Reproduce verbatim the lines of the material below, starting at the line with "You can set" and ending at the line with "उन्होंने हमें identity", both inclusive; skip the rest.

[[ Input material, beginning ]]

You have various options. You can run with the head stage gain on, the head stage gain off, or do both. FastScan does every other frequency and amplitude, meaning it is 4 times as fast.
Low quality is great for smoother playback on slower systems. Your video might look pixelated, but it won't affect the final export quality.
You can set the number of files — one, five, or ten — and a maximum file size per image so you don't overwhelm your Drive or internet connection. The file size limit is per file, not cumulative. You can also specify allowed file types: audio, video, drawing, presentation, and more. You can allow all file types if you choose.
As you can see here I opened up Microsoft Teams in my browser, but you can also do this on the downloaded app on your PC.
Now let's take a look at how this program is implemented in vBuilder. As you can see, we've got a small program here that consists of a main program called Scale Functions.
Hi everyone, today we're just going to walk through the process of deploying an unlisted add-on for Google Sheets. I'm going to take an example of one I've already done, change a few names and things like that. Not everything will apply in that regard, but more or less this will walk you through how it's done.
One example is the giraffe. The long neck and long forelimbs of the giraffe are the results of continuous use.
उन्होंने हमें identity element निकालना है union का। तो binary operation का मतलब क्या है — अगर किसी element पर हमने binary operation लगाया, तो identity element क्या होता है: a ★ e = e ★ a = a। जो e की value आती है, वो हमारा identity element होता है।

[[ Input material, end ]]
[[ Input material, beginning ]]

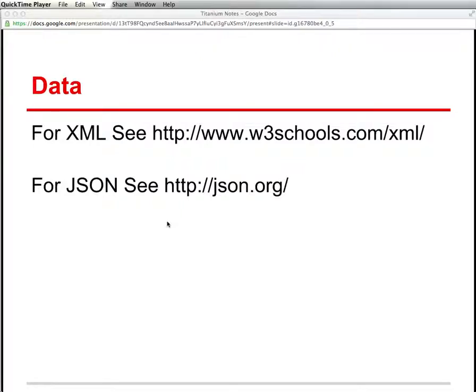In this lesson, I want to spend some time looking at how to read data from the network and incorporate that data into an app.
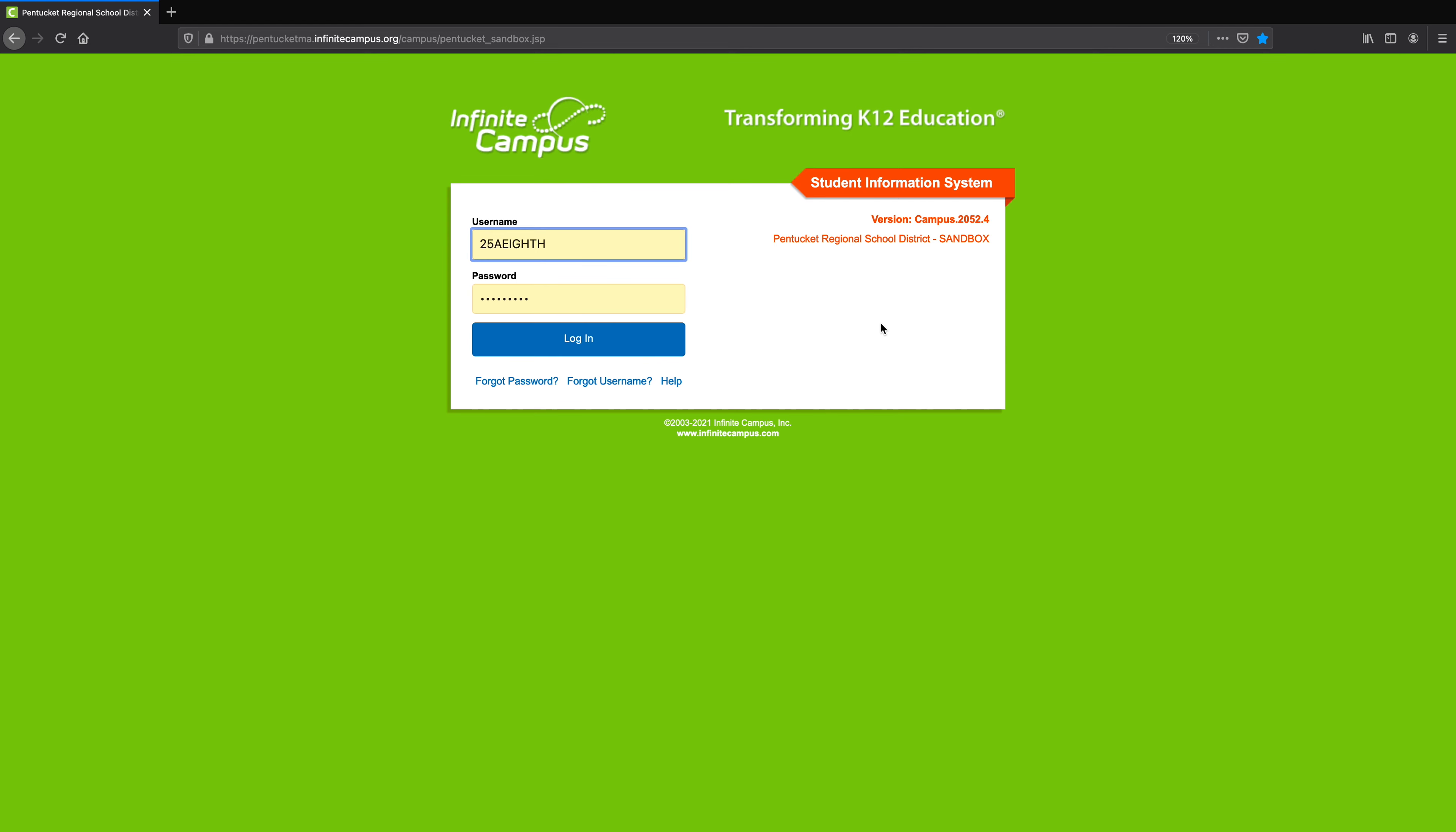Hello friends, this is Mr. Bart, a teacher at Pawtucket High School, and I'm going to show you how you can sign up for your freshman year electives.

[[ Input material, end ]]

**Response area**
You can set the number of files — one, five, or ten — and a maximum file size per image so you don't overwhelm your Drive or internet connection. The file size limit is per file, not cumulative. You can also specify allowed file types: audio, video, drawing, presentation, and more. You can allow all file types if you choose.
As you can see here I opened up Microsoft Teams in my browser, but you can also do this on the downloaded app on your PC.
Now let's take a look at how this program is implemented in vBuilder. As you can see, we've got a small program here that consists of a main program called Scale Functions.
Hi everyone, today we're just going to walk through the process of deploying an unlisted add-on for Google Sheets. I'm going to take an example of one I've already done, change a few names and things like that. Not everything will apply in that regard, but more or less this will walk you through how it's done.
One example is the giraffe. The long neck and long forelimbs of the giraffe are the results of continuous use.
उन्होंने हमें identity element निकालना है union का। तो binary operation का मतलब क्या है — अगर किसी element पर हमने binary operation लगाया, तो identity element क्या होता है: a ★ e = e ★ a = a। जो e की value आती है, वो हमारा identity element होता है।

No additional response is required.